*Required work:* Write out the entire listing below exactly as it appears, minus any pictures.

*Provided data:*
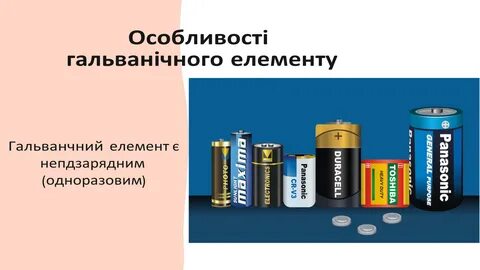 Батарейка это источник тока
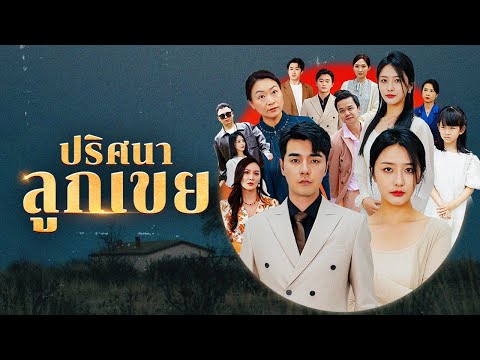 ปริศนาลูกเขย | DramaBox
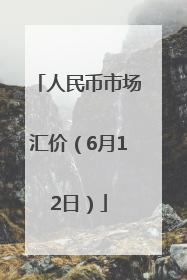 人民币市场汇价（6月12日）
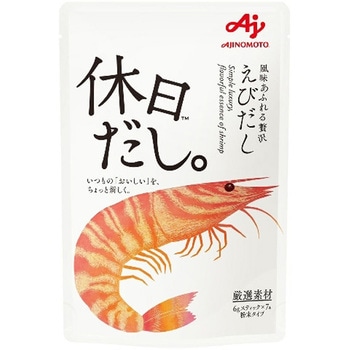 味の素 休日だし。えびだし 42gx10 味の素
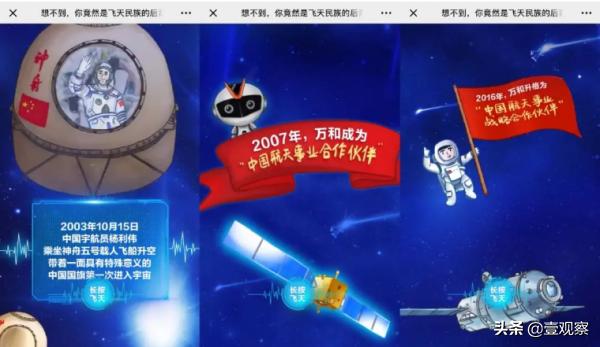 万和高端智能厨电走进千家万户,中国厨电行业市场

*Answer below:*
 Батарейка это источник тока
 ปริศนาลูกเขย | DramaBox
 人民币市场汇价（6月12日）
 味の素 休日だし。えびだし 42gx10 味の素
 万和高端智能厨电走进千家万户,中国厨电行业市场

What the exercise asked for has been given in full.